Dall’annuario statistico italiano dell’Istat sul 2011 emerge che: “Nel 2010 sono 22.872.000 gli occupati, 153.000 in meno dell’anno precedente. Il risultato complessivo e’ la sintesi di una riduzione marcata della componente italiana, controbilanciata dall’aumento di quella straniera (+183.000 unita’). La quota di lavoratori stranieri sul totale degli occupati raggiunge il 9,1% (8,2% nel 2009)”.
A diminuire “sono esclusivamente gli occupati maschi, in particolare lavoratori dipendenti (-167.000 unita’). La discesa coinvolge soprattutto l’occupazione permanente e a tempo pieno (285.000 in meno), ovvero l’occupazione standard, in precedenza meno coinvolta dagli effetti negativi della crisi. A livello di settore di attivita’ economica, diminuiscono gli addetti dell’industria in senso stretto (-4,0%, pari a 190.000 unita’ in meno) e delle costruzioni (-0,7%, pari a -14.000 unita’). Nel terziario si registrano modesti incrementi (+0,2% pari a +35.000 unita’): si tratta per lo piu’ di posizioni lavorative a bassa qualificazione nei servizi domestici e di cura alle famiglie e alla persona. In controtendenza appare il settore agricolo, dove la domanda di lavoro sale per la prima volta dopo tre anni (+1,9%, pari a 17.000 unita’)”.
In base alle informazioni raccolte dall’indagine sulle forze di lavoro, “la cassa integrazione ha interessato 252.000 occupati, rispetto ai 300.000 di un anno prima. Il tasso di occupazione scende dal 57,5% del 2009 al 56,9% del 2010, valore che si mantiene ampiamente al di sotto della media Ue (64,2%). Quello maschile si attesta al 67,7%, mentre il tasso riferito alle donne si posiziona al 46,1%, pur con rilevanti divari regionali: si passa dal 68,5% del Trentino Alto Adige al 39,9% della Campania”.
Crescono quindi, disoccupati e inattivi. Per il terzo anno consecutivo, dice l’annuario, “aumentano le persone in cerca di occupazione: sono 2.102.000, 158.000 in piu’ rispetto al 2009 (+8,1%). Il tasso di disoccupazione sale all’8,4% dal 7,8% del 209, quello di inattivita’ al 37,8%, due decimi di punto in piu’ rispetto a un anno prima”.

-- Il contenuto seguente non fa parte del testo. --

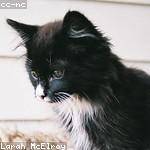 Francisca Altenwerth Profile Picture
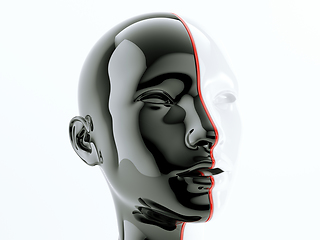 Image showing human head separated by red line as symbol of diversity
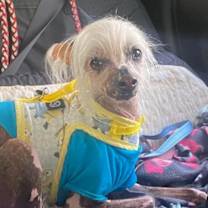 Thumbnail photo of Lily & Zeplin (Ohio) #2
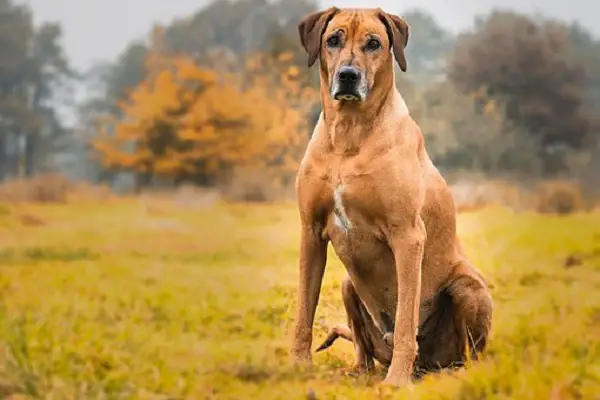 Dog Breeds That Can Kill A Lion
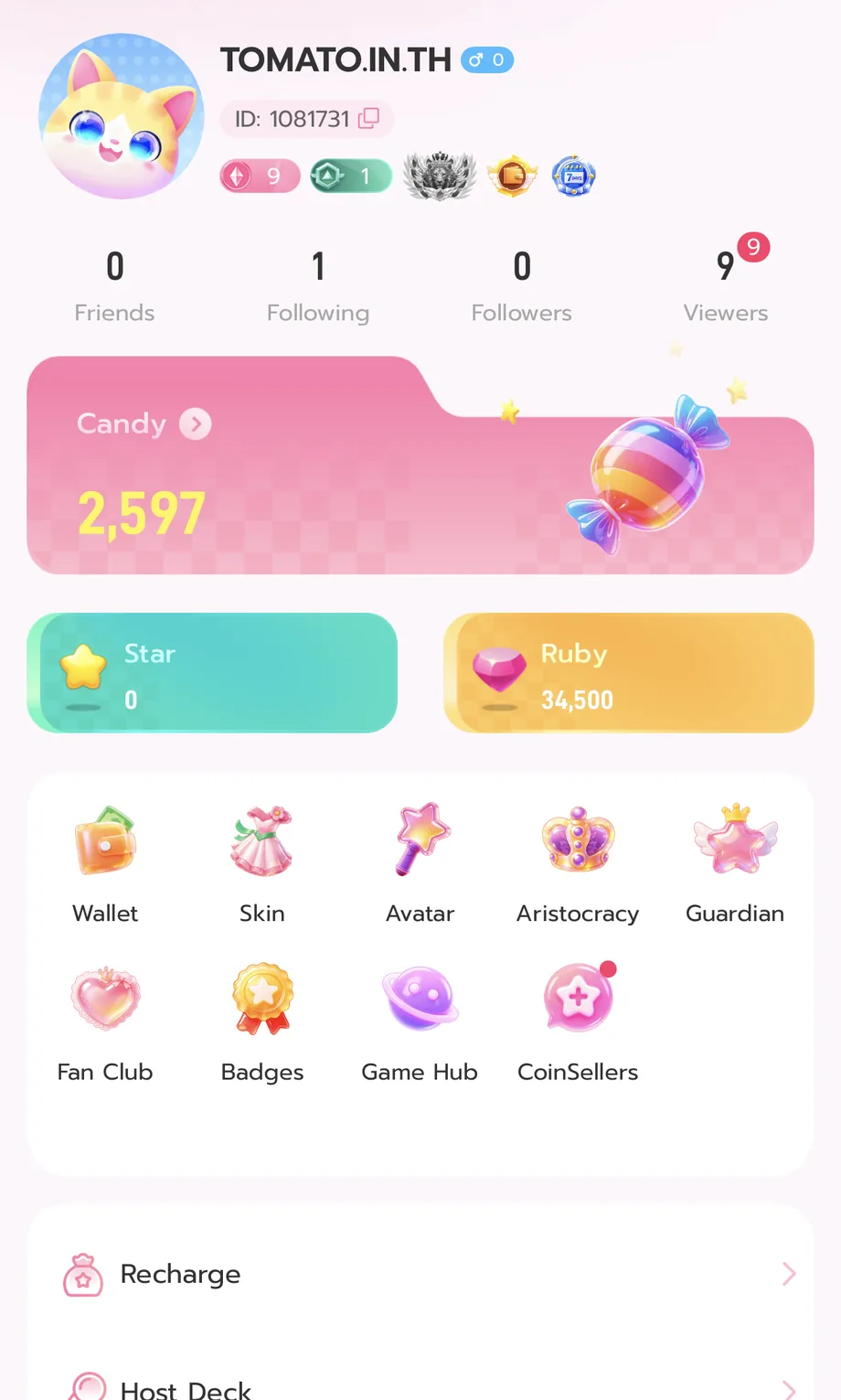 หน้าโปรไฟล์ในแอพ IDOL+ แสดงเมนู Game Hub รวมกับ Wallet Skin Avatar และเหรียญ Candy Star Ruby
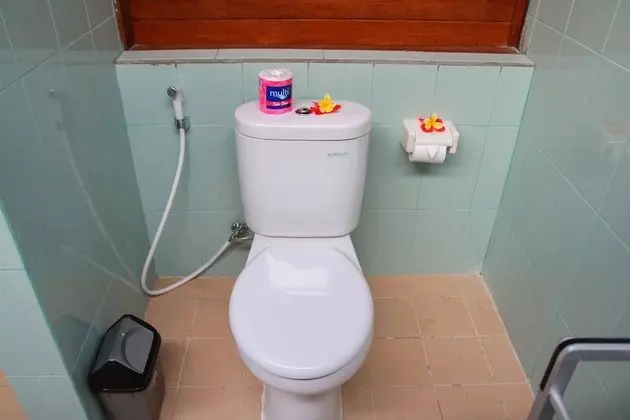 Deluxe Kır Evi, 1 En Büyük (King) Boy Yatak, Deniz Manzaralı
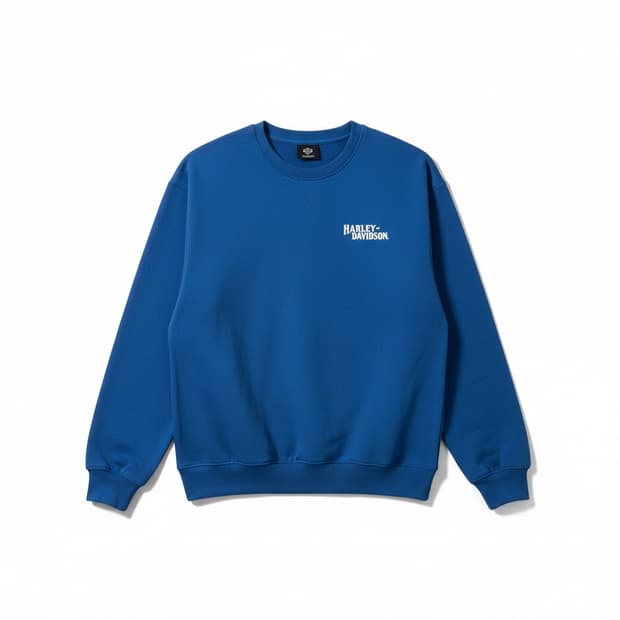 할리 데이비슨 맨투맨 L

“Un Paese in grandissima difficoltà che ha bisogno di ripartire da un punto centrale: il lavoro”. E’ quanto afferma il segretario confederale della Cgil, Fulvio Fammoni, sui dati diffusi oggi dall’Istat, nel sostenere che il paese “è vittima di un corto circuito impazzito, ricerca del rigore senza crescita e lavoro, che va interrotto: la manovra va cambiata e servono tutele per le persone e crescita per il paese”. Il dirigente sindacale sottolinea inoltre come “l’Istat fa notare che già lo scorso anno il fenomeno della disoccupazione giovanile è stato in parte legato all’innalzamento dell’età pensionabile. Cosa accadrà adesso con il sostanziale blocco previsto dalla manovra? E con una recessione che amplia il blocco della produzione? Che i giovani troveranno ancora meno lavoro e le poche occasioni saranno ancor più precarie e ricattabili, che tanti anziani usciranno dalla cassa integrazione verso il licenziamento e senza avere certezza della pensione. Tutto questo farà di molto arretrare l’occupazione”. Secondo il sindacalista “è evidente il rapporto tra la situazione del lavoro e quella delle famiglie, già impoverite dal calo dei salari e adesso dalla mancata rivalutazione delle pensioni e dall’aumento di tasse. I consumi saranno ancor meno con il parallelo ampliamento della recessione. È questo – prosegue – il corto circuito impazzito che va interrotto e per questo la manovra va cambiata. Servono tutele per le persone e crescita per il paese, serve una riforma organica degli ammortizzatori sociali ma nell’immediato tutele speciali per il prossimo anno e che nessuno si sogni, in questa situazione gravissima, di togliere ulteriormente diritti ai lavoratori a partire da quello contro i licenziamenti facili perché tutto il sindacato sarebbe contrario”, conclude Fammoni.